“Avusturya’da İşçi odaları olarak bilinen ve çalışanların resmi ve Anayasal düzeyde tanınan kurumu olan Arbeiterkammer (İsçi Odaları) seçimlerinde çeşitli burjuva sendikal fraksiyon listelerinin dışında çeşitli devrimci demokratik kitle örgütlerinin bileşen olarak üye olduğu KOMintern – Kommunistische Gewerkschaftsinitiative – İnternational (Komünist Sendikal İnisiyatif – Enternasyonal) 2019 yılında gerçekleşen seçimlere Avusturya’nın üç eyaletinde katılarak işçi odalarında fraksiyon listesi olarak temsiliyetini oylarını yükselterek daha fazla temsilci ile işçi parlamentosu ve meçlisinde temsilcilerle yer almayı hedeflediğini açıkladı.” Komintern bileşeni ve kurucu kurumları arasında yer alan ATİGF´in demokratik kamuoyuna yaptığı açıklamayı yayınlıyoruz.
Avusturya İşçi Odaları Seçimlerinde KOMintern`i Destekleyelim, Sendikal Mücadeleye Katılarak, İşçi ve Emekçilerin Mücadele Mevzilerini Güçlendirelim.

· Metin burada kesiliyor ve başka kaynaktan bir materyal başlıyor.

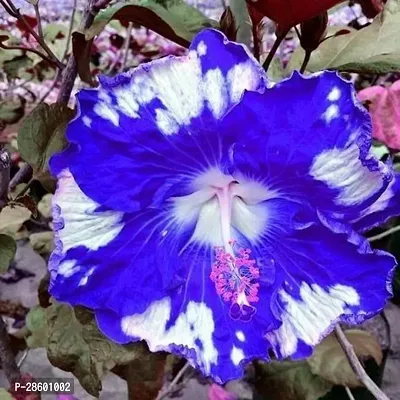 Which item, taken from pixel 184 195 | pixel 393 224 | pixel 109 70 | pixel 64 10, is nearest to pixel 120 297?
pixel 184 195

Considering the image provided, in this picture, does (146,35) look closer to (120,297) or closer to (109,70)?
(109,70)

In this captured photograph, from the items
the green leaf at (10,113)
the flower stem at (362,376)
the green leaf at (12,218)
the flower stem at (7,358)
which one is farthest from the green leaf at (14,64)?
the flower stem at (362,376)

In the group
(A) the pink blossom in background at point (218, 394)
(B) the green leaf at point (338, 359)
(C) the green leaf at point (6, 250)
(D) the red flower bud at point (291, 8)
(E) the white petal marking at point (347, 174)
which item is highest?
(D) the red flower bud at point (291, 8)

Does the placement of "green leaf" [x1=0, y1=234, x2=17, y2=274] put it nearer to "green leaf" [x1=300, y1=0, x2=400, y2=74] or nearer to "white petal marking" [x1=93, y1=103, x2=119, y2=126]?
"white petal marking" [x1=93, y1=103, x2=119, y2=126]

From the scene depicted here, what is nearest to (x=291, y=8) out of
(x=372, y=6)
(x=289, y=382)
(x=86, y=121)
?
(x=86, y=121)

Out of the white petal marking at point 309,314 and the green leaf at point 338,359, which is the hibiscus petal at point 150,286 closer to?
the white petal marking at point 309,314

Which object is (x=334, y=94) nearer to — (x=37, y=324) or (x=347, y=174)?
(x=347, y=174)

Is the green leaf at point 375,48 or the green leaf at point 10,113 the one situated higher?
the green leaf at point 375,48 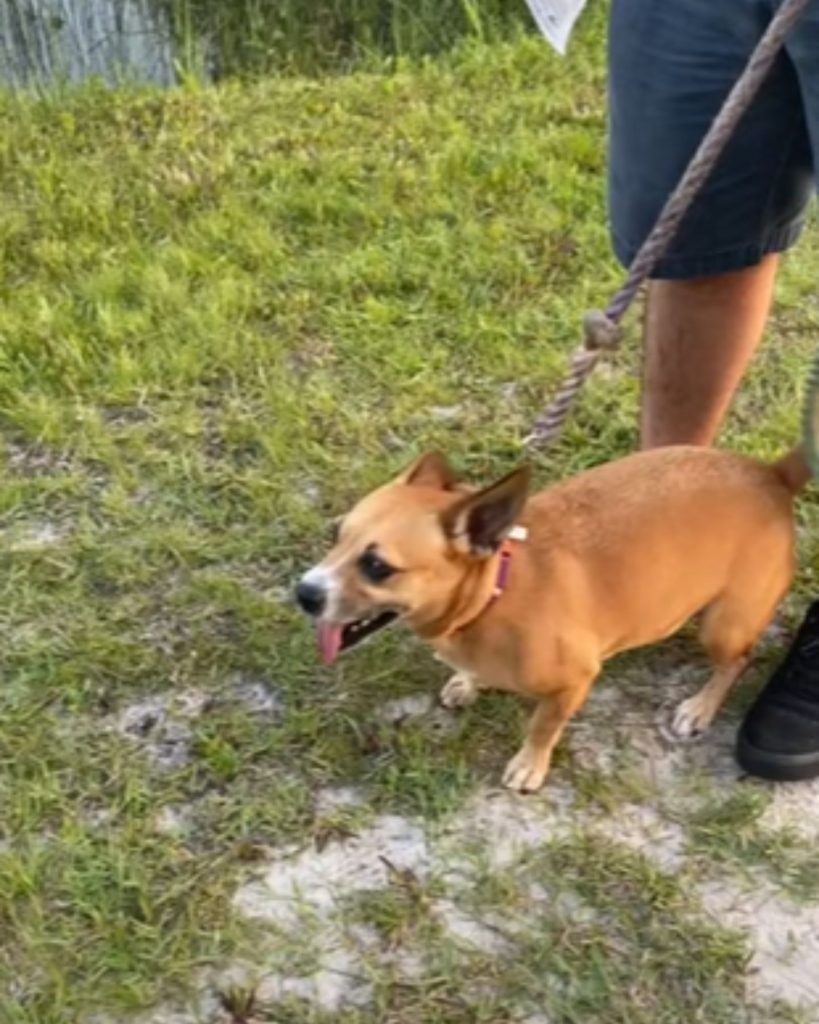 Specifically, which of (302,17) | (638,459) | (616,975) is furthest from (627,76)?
(302,17)

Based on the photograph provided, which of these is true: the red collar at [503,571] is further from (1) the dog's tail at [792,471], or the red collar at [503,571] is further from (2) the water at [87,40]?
(2) the water at [87,40]

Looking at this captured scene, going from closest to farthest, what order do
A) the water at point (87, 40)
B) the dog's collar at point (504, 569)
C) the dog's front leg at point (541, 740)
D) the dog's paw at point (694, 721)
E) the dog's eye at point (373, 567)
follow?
the dog's eye at point (373, 567)
the dog's collar at point (504, 569)
the dog's front leg at point (541, 740)
the dog's paw at point (694, 721)
the water at point (87, 40)

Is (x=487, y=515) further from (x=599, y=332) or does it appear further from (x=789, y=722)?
(x=789, y=722)

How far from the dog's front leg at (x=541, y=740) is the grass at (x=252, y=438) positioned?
0.19ft

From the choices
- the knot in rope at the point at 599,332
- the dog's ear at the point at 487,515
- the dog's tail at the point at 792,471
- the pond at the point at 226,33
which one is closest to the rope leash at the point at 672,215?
the knot in rope at the point at 599,332

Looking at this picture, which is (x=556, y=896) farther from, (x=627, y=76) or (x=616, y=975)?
(x=627, y=76)

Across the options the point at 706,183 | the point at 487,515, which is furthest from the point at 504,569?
the point at 706,183

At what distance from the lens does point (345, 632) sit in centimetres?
215

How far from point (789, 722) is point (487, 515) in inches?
25.8

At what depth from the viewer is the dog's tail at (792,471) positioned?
231cm

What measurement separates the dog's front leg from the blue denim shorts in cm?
69

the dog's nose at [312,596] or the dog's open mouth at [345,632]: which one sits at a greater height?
the dog's nose at [312,596]

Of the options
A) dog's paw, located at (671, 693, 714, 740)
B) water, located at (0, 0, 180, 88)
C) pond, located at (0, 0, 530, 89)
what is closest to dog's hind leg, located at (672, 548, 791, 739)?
dog's paw, located at (671, 693, 714, 740)

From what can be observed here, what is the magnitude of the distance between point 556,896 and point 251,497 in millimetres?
1051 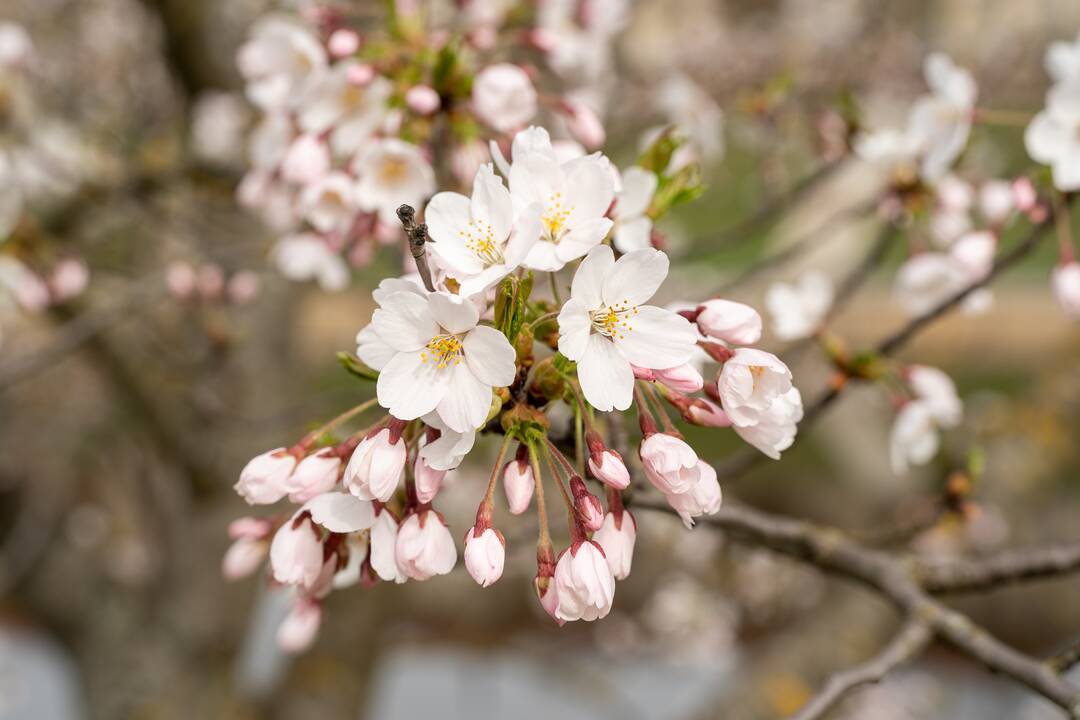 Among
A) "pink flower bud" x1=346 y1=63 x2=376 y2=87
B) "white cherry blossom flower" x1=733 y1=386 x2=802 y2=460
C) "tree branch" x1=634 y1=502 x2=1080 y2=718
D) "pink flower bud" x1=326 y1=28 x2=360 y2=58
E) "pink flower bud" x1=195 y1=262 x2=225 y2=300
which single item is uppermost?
"pink flower bud" x1=326 y1=28 x2=360 y2=58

Avusturya`da İşçi ve emekçilerin örgütlü mevzilerini güçlendirme, iş yeri ve sendikal mücadele örgütlenmelerini daha ileri ve güçlü bir noktada örgütleme noktasında önemli bir süreç içerisinde bulunmaktayız. Avusturya burjuvazisinin yönetim dümenine ırkçı ve sağcı ÖVP-FPÖ koalisyonunun geçmesiyle birlikte Avusturya İşçi sınıfının ve emekçilerinin can bedeli mücadelelerle kazanılmış ekonomik, demokratik ve siyasal hakları adeta biçilerek yok edilmektedir. Zengin ile yoksul arasındaki makas gittikçe açılmakta, emek ile sermaye arasındaki çelişki derinleşerek devam etmekte. 1 Eylül 2018 tarihinde 12 Saat günlük çalışma yasasını meclisten geçirerek yürürlüğe sokan egemenler sağlık, eğitim, işsizlik ücreti gibi bir çok alanda ciddi kısıtlamalarla da işçi ve emekçi kesimleri yoksulluğa itmektedirler. Buna karşın ise Avusturya´da işçi ve emekçilerin sendikal örgütlenmeleri sınıf işbirlikçi sarı sendikaların yönetimiyle izole edilmiş, farklı iş alanlarının toplu sözleşme görüşmelerinde kendisini dışa vuran kirli pazarlıklarla işçi ve emekçilere yoksulluğu dayatan politikalara ise bu baylar ortak olmuştur. Yine buna karşın ise işçi sınıfının devrimci demokratik sendikal örgütlenmelerini yaratma noktasında ise Avusturya işçi sınıfının dağınık ve kendiliğinden güçleri son 25 yıllık bir süreç içerisinde nicel ve nitel olarak bir gelişim kaydedememiştir. Bu durum esas olarak geçerliliğini korusada son aylarda yaklaşık 100.000 üzerinde bir emekçi kitle Viyana`da gerçekleşen yürüyüşle 12 Saat çalışma yasasını protesto etmiş, sosyal sigortalar kurumunun özelleştirilmesi adımlarına karşın yine binlerce emekçi sokağa dökülmüştür. Henüz örgütlü mücadeleyle bağları zayıf olan, ancak sisteme karşı öfkesi büyümeye başlayan büyük bir emekçi kesimin öfkesinin mayalandığını görmekteyiz.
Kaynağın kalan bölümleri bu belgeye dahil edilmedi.